REQUIREMENT:
Nothing but an exact copy is asked for: the lines in the material below from the one with "Pumpkin Sensenmann Halloween" through the one with "A projection screen", pictures excluded.

GIVEN ENTRIES:
[Start of section]
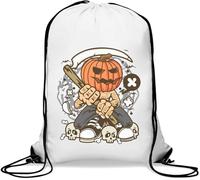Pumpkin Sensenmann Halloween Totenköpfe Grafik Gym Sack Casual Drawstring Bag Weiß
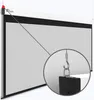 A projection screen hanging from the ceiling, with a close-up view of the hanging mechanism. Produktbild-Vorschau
[End of section]
[Start of section]
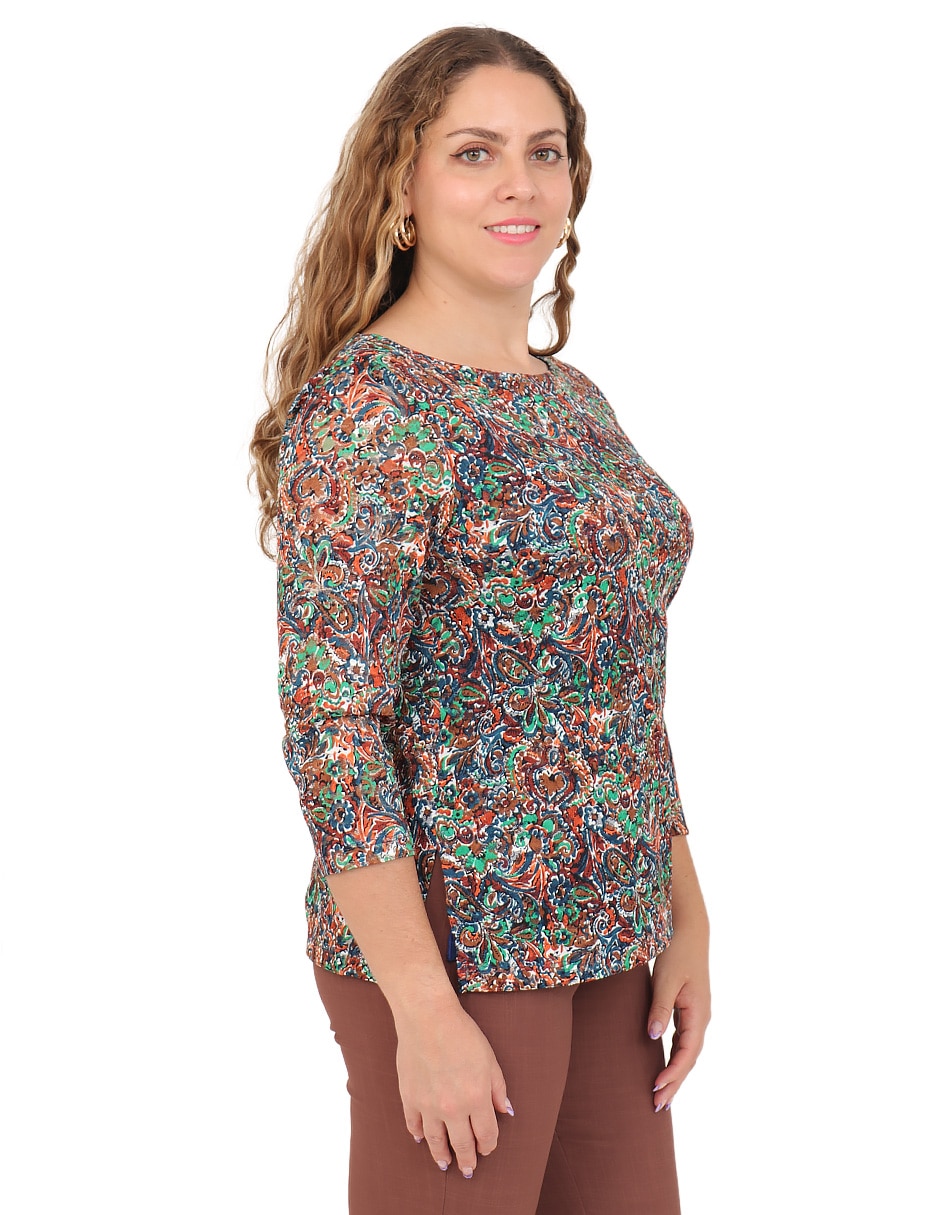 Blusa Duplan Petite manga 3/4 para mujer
[End of section]
TASK RESULT:
Pumpkin Sensenmann Halloween Totenköpfe Grafik Gym Sack Casual Drawstring Bag Weiß
 A projection screen hanging from the ceiling, with a close-up view of the hanging mechanism. Produktbild-Vorschau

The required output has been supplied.